Shopping Styles: Predatory, Social or Desperation?

As AdventureMan once said, I am not entirely sure I agree with what I am about to say. Feel free to jump in.

Today I was mopping the floors, washing the floors and vacuuming the carpets. This is not – way not – something I like to do, but something I do because long ago somewhere in my tiny little brain, a seed was planted that a dirty floor was a shameful thing. I remember once thinking “people could eat off my floor; there must be a whole meal here!” when I left it unwashed for a few days. In my last three incarnations, in Kuwait and in Qatar, I was blessed with wonderful women who came in and took care of my floors for me, also the dusting, and the laundry, and the windows, and all the things I now do. It takes a surprising chunk of time out of my day. 😦

Oh! Yes. The shopping.

I just wanted you to know that I am not cleaning my house willingly or joyfully, but dutifully. I have discovered, however, that mindless physical activity frees the mind, and you never know where a free mind will go.

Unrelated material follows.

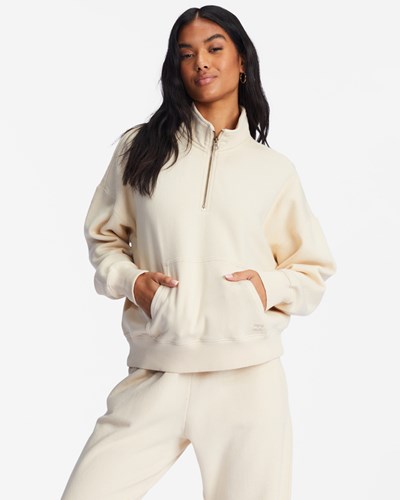Billabong Lazy Mornings Half-Zip Pullover Sweatshirt Bílé | YSCAGB-470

I have a friend coming to visit, and this friend and I have had so much fun together, through the years, exchanging books, going out on double dates with our husbands to wonderful places in France and Germany, and . . . shopping.

Finding a person who shops the way you do is a real blessing. I say I am not much of a shopper, but we all have to shop sometimes. Mostly, I shop alone, I am a predator. I am looking for specific game, and I want the juiciest prey at the best price. Most of my friends are like me – we don’t hunt in packs, because when you shop in packs a group mentality surfaces, and you get home with things you never would have bought.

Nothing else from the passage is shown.